Belirlilik eşitliği katsayısı,

Bu yöntemde kullanılan iskonto oranı risksiz faiz oranıdır. Risksiz faiz oranının kullanılma nedeni, beklenen net nakit girişlerinin risk faktörüne göre belirlilik eşiti katsayısına göre düzeltilmesidir. Risksiz faiz oranı hazine bonosu veya devlet tahvillerinde kullanılan faiz oranıdır.

  • Olasılık dağılımı yöntemi: Yatırım projelerinin yıllık nakit akışı tahminleri ve bu tahminlerin gerçekleşme olasılıkları belirlenerek elde edilen dağılım yöntemidir. Olasılık dağılımda, olası net nakit akımları ile bunların gerçekleşme olasılıklarının çarpımlarının toplamı beklenen net nakit akımını vermektedir. Projelerin risklerinin ölçülmesinde standart sapmadan yararlanılır. Standart sapma ne kadar küçük çıkarsa projenin riski de o kadar az demektir.

Standart Sapma=\sqrt{\sum ^{n}_{t=1}\left ( R_{1}-\bar{R} \right )^{2}\times P_{i}}

Yatırımın NBD değerinin standart sapması;

\sigma NBD=\sqrt{\sum ^{n}_{t=1}\frac{\left ( at \right )^{2}}{\left ( 1+k \right )^{2t}}}

\sigma t = t döneminde beklenen nakit girişlerinin standart sapması

\sigma NBD = Beklenen nakit girişlerinin bugünkü değerlerinin standart sapması

k = Risksiz yatırım kârlılığını göstermektedir.

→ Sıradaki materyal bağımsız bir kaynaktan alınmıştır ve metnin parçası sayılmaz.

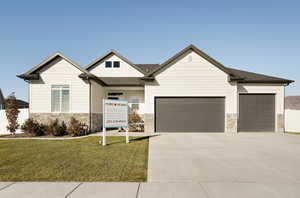 View of front facade with a garage and a front lawn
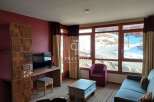 Discover a cozy living space with a stunning view.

Yatırımın bugünkü değerinin yüzde kaç olasılıkla pozitif veya negatif olduğunu bulmak için, normal olasılık dağılımının standardize edilmesi gerekir. “Z değeri” olarak ifade edilen bu değer;

Z=\frac{\times -NBD}{\sigma NBD}

  • Karar ağacı yöntemi: Bir olayın gerçekleşmesi hâlinde diğerinin gerçekleşme olasılığını ifade eden koşullu olasılık durumlarında yatırım kararı aşamalı bir biçim almaktadır. Her aşamayı izleyen kararlar bir önceki aşamada gerçekleşen duruma bağlı olarak farklılık göstermektedir. Sonuçta, karar süreci bir bütün olarak dallanmış bir ağaç biçimi göstereceği için bu yöntem karar ağacı olarak adlandırılmaktadır.
  • Simülasyon yöntemi: Deneysel nitelikli bir matematiksel model geliştirme tekniği olarak simülasyon, sistemlerin davranışını inceleme ve tanımlama, sistemlerdeki değişmelerin etkilerini belirleme ve bu sayede gelecekteki davranışları tahmin etme amacı taşıyan deneysel ve uygulamalı bir metodolojidir. Simülasyonla hem risk, hem de olasılık dağılımları dikkate alınmaktadır. Bu yönteme göre, projeler değerlendirilirken, pazarın büyüklüğü, satış fiyatları, pazarın büyüme oranı, gerekli yatırım, yatırımın hurda değeri, varlıkların ekonomik ömürleri, sabit ve değişken giderler gibi faktörler de gözönüne alınır. Ayrıca gelecekte seçilecek bir değer üzerinden projelerin kârlılıkları hesaplanır. Simülasyon yöntemine göre, gerçek problemi yansıtan bir model kurulur ve modelin çözümü araştırılır.
  • Enflasyonun proje değerlendirmesinde dikkate alınması: Enflasyon yatırım kararlarını etkilemektedir. Bu etkileme, değişen fiyatlar ve maliyetlerle yatırım projelerinin seçimini zorlaştırmaktadır. Yatırım projelerinde fiyat ve maliyet değişimlerine sebep olmasından dolayı enflasyonu özel bir risk olarak kabul etmek gerekir. Enflasyonist ortamda mal ve hizmet fiyatlarında meydan gelecek artışlar nakit girişlerini artırabileceğinden kabul edilemeyecek projelerin kabul edilme olasılıkları da artacaktır. Bu sebeple, proje değerleme yöntemlerine tahmin edilen enflasyon oranlarını da dâhil ederek yatırım kararlarının enflasyonun etkisinden kurtarılması gerekir.